West Hill is bordered on three sides by the Highland Creek, the community is surrounded by a system of parks. Morningside Park, and Colonel Danforth Park are located along the creek, while East Point Park is located along Lake Ontario at the eastern end of the Scarborough Bluffs. Parks in West Hill are managed by the Toronto Parks, Forestry and Recreation Division.

The area has numerous sports facilities, including an indoor arena and a baseball diamond at Heron Park, and two swimming pools, one of which is indoor. There are tennis facilities at nearby University of Toronto Scarborough Campus. Other public amenities includes the Morningside branch of the Toronto Public Library, built further east of the former site at Morningside Mall, roughly at the geographical centre of the neighbourhood, on Lawrence Avenue, just west of Manse Road.

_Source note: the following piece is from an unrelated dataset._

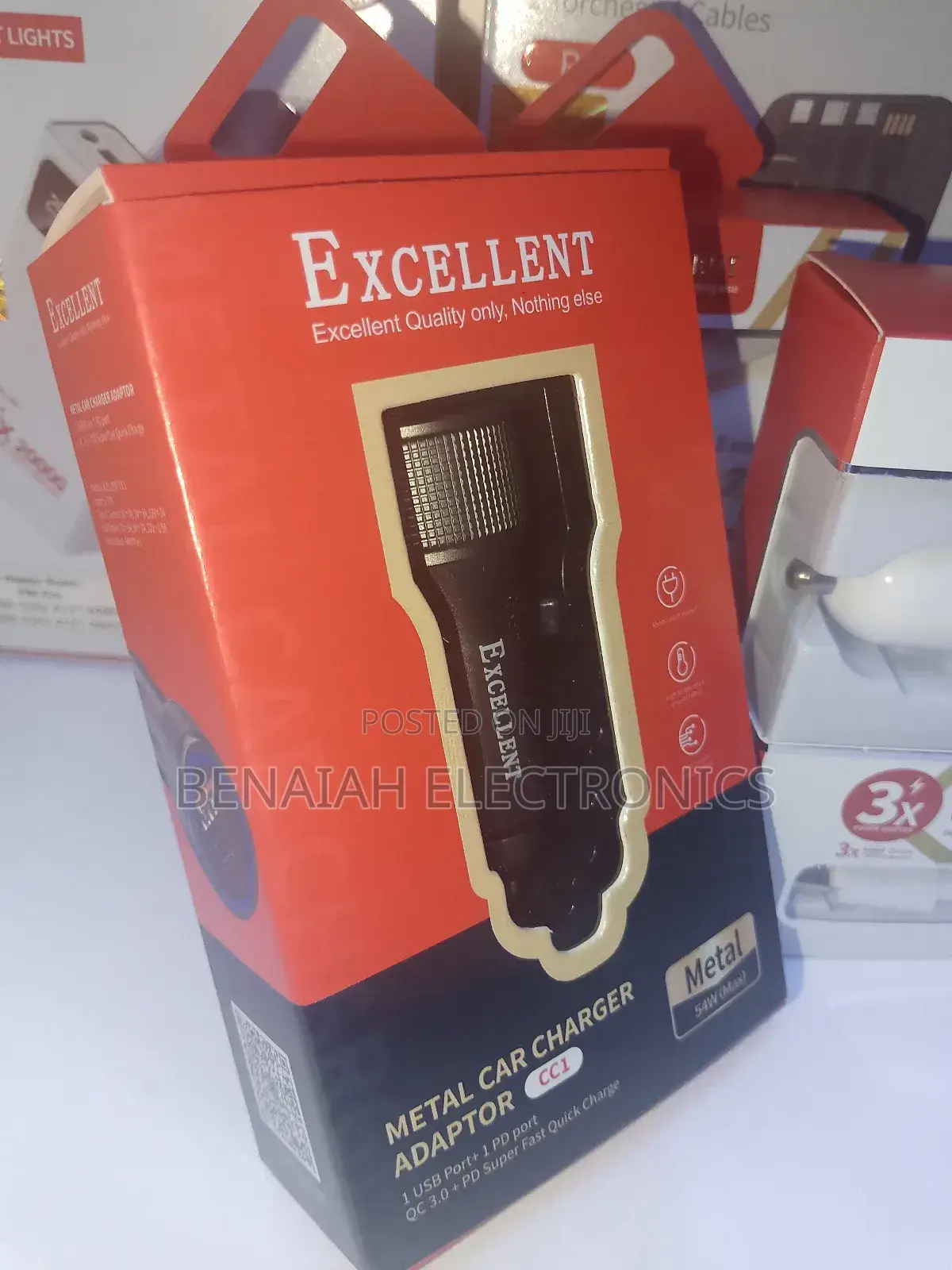 Car Phone Charger 54 Watts, Legendary Performance Adapter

West Hill has a good mix of commercial establishments far more typical of an older neighbourhood than a new suburb. Fast food establishments do not dominate and there are many sit-down restaurants featuring a variety of cuisines including, Canadian Chinese, Caribbean and Middle Eastern, echoing the ethnic diversity of the neighbourhood. There are two supermarkets and numerous smaller food outlets. The area is well served by physicians, dentists and lawyers and features three pharmacies, including both major chains.

==Transportation==
The main routes through West Hill are Kingston Road (part of the former Highway 2), Morningside Avenue and Lawrence Avenue East.

The Toronto Transit Commission's (TTC) bus service provides public transportation through the neighbourhood, operating on all the major streets in the area, allowing access to TTC's Line 2 Bloor-Danforth subway at Kennedy station and formerly, the Line 3 Scarborough at Lawrence East station. Located along the boundary of Guildwood and West Hill is Guildwood GO Station. The station provides access to GO Transit's commuter rail and bus services, as well as Via Rail's intercity rail routes.

== Notable places ==

- St. Margaret in-the-Pines - chapel (c. 1906) and cemetery; it was home to Anglican Church from 1833 to 1846; abandoned for Christ Church in Scarborough Village. It was destroyed in a fire in 1904 and rebuilt as a Chapel.